### EXERCISE
Print nothing but the lines from the start of the listing below through the line that contains "NEW 44/45 Cal". Do not include the pictures.

=== STORED DATA ===

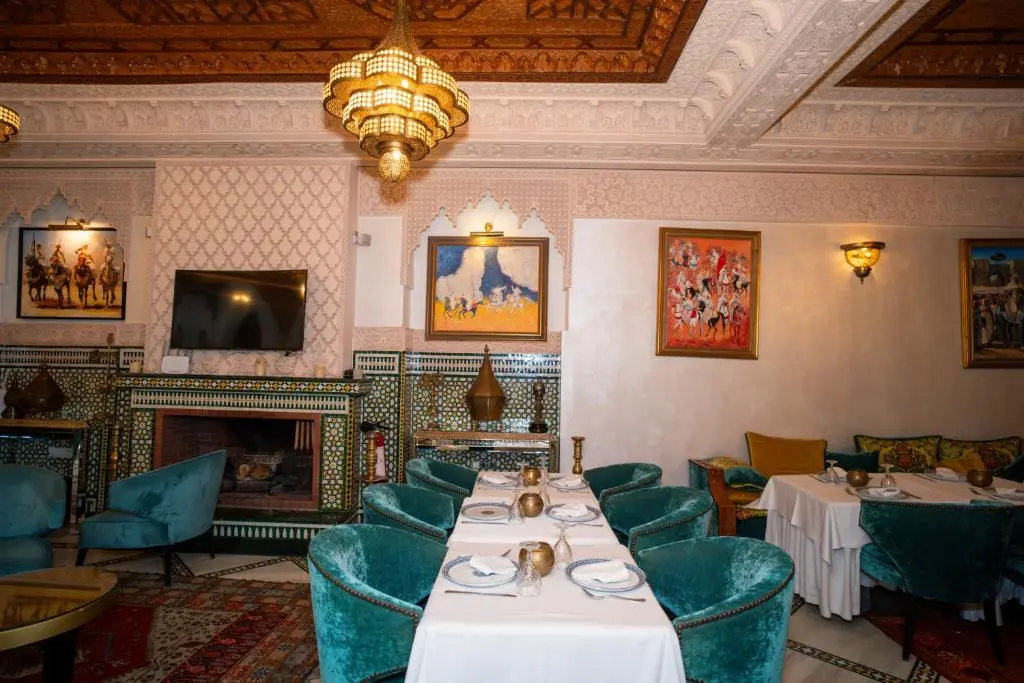 Fireplace dining room at Palais Zahia Hotel and Spa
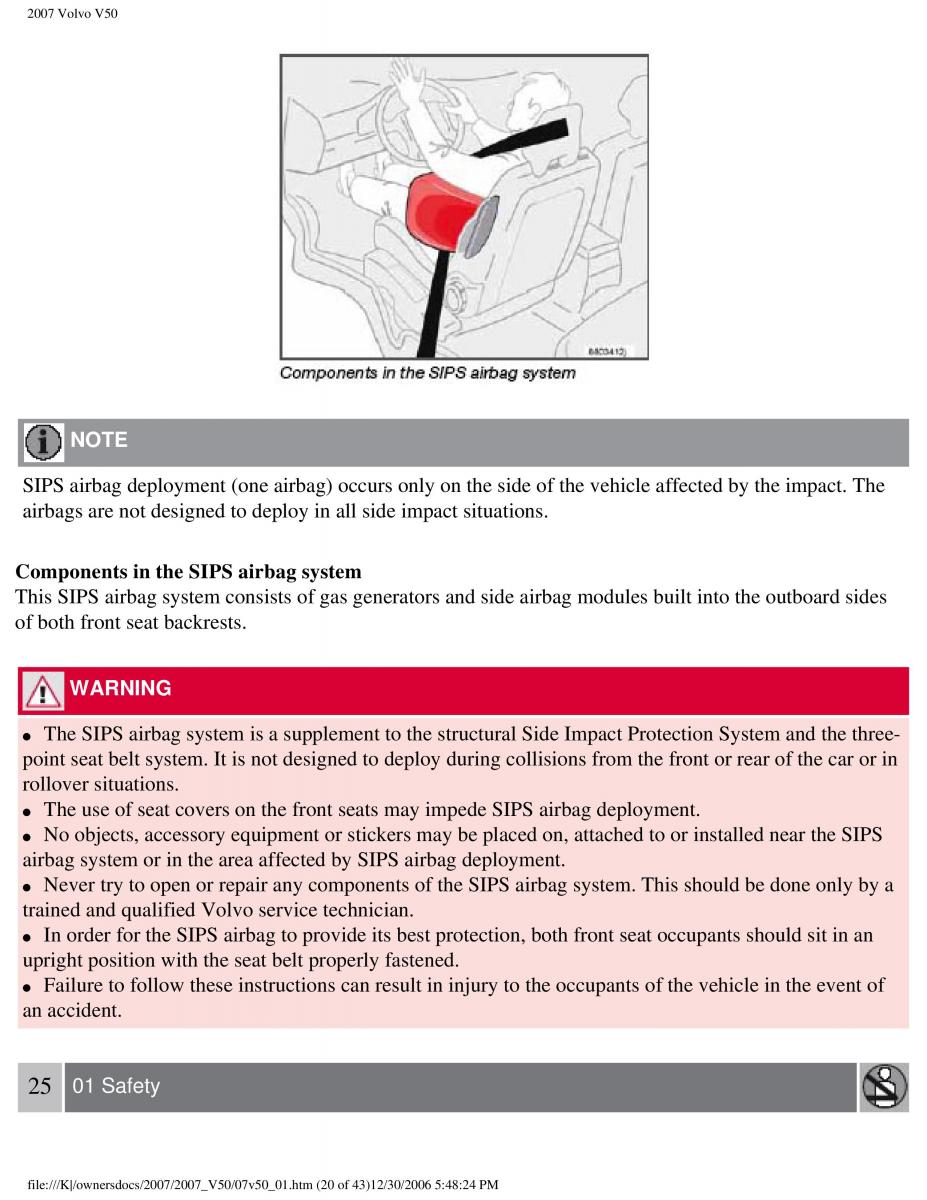 Volvo V50 owners manual / page 27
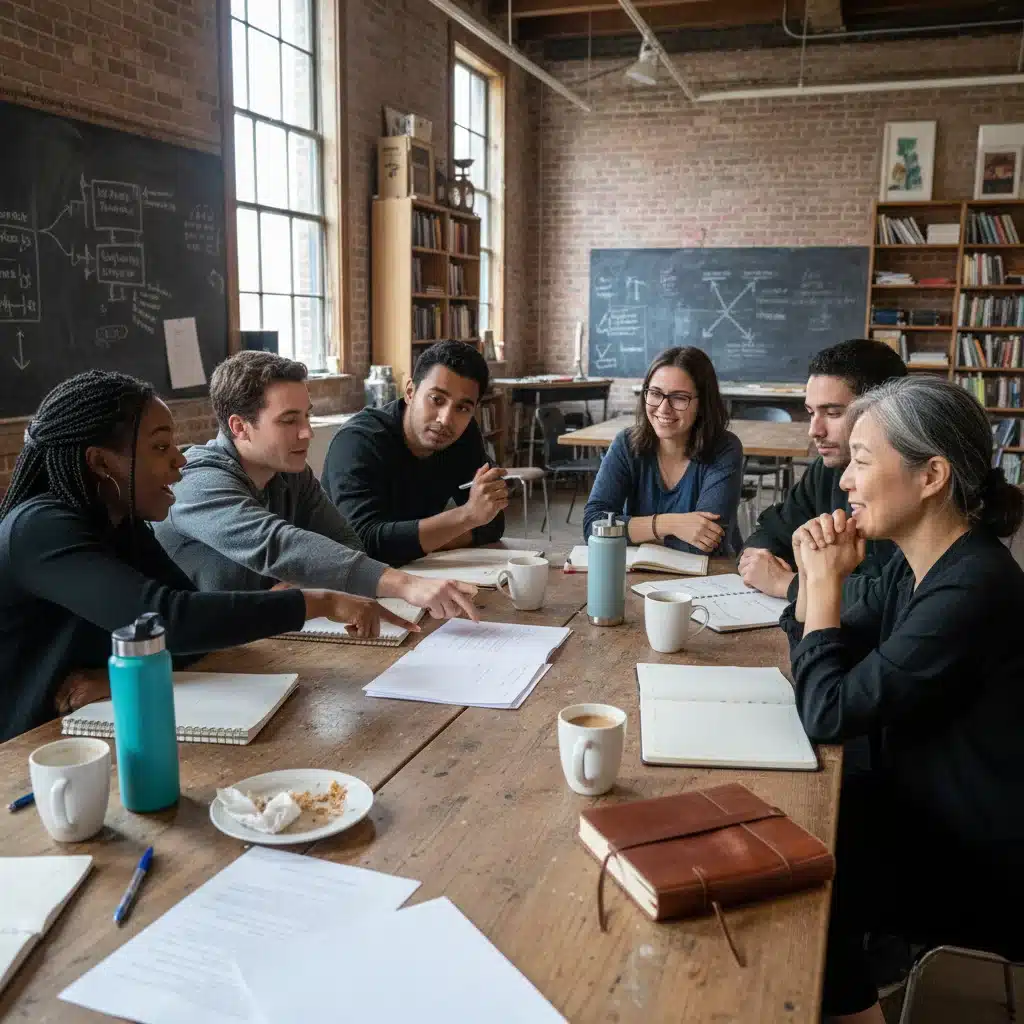 Playwrights collaborating in a workshop setting, discussing new scripts.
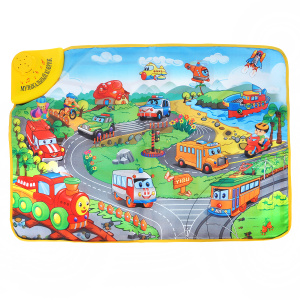 Музыкальный развивающий коврик с машинками, 30 %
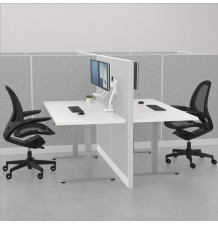 Bras porte-écran double à barre transversale Eppa™ - blanc 4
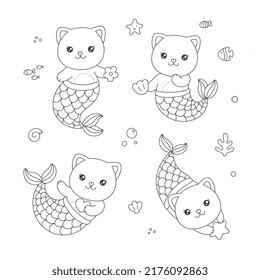 Cute cat little mermaid cartoon hand drawn diving under the sea coloring page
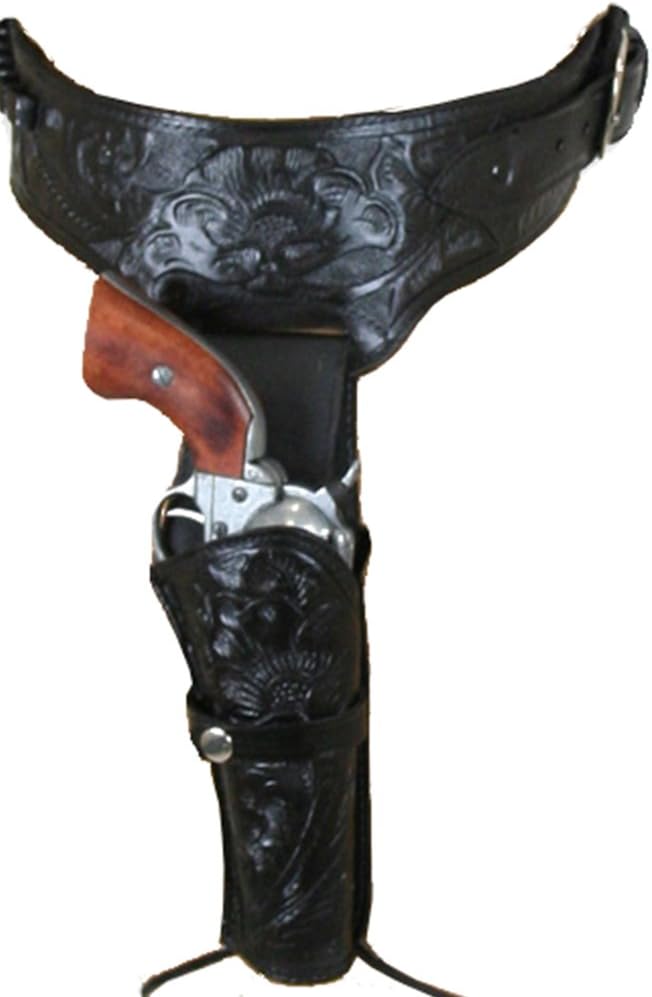 NEW 44/45 Cal DOUBLE Holster Gun Belt Drop TOOLED LEATHER Western RIG 34"-52"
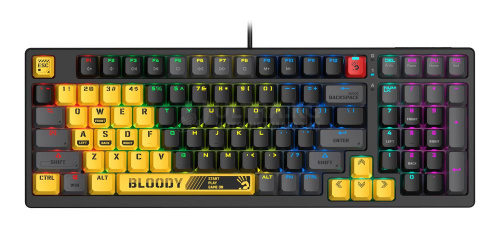 Клавиатура игровая A4tech Bloody S98 Sports-Lime USB, механическая, RGB, 1.8м, желто-серый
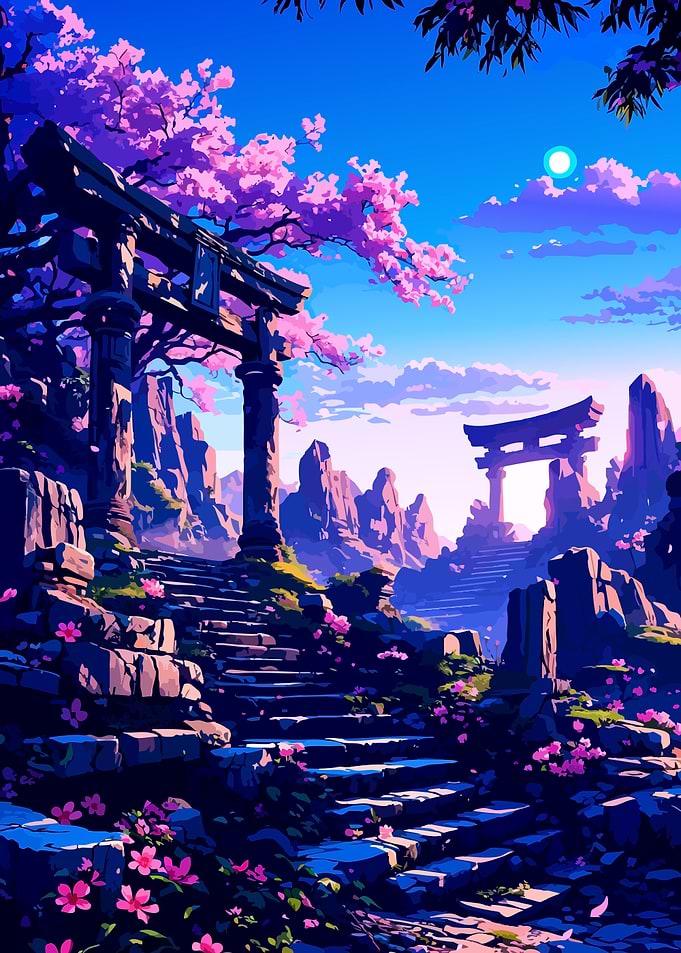 Anime Landscape with Torii Gates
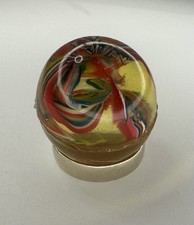 Bouncy Ball Rubber Clear With Multi Colored Swirl 1  / Vintage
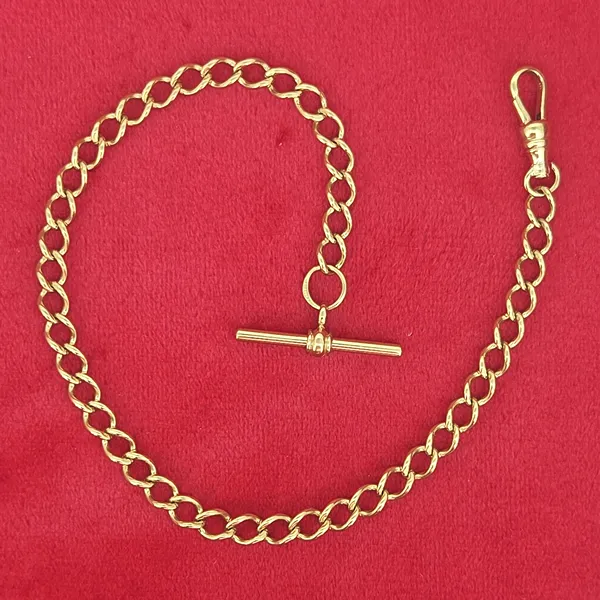 9ct Yellow Gold Curb Bracelet with T-Bar- Side View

===

### RESULT FOR THIS EXERCISE
 Fireplace dining room at Palais Zahia Hotel and Spa
 Volvo V50 owners manual / page 27
 Playwrights collaborating in a workshop setting, discussing new scripts.
 Музыкальный развивающий коврик с машинками, 30 %
 Bras porte-écran double à barre transversale Eppa™ - blanc 4
 Cute cat little mermaid cartoon hand drawn diving under the sea coloring page
 NEW 44/45 Cal DOUBLE Holster Gun Belt Drop TOOLED LEATHER Western RIG 34"-52"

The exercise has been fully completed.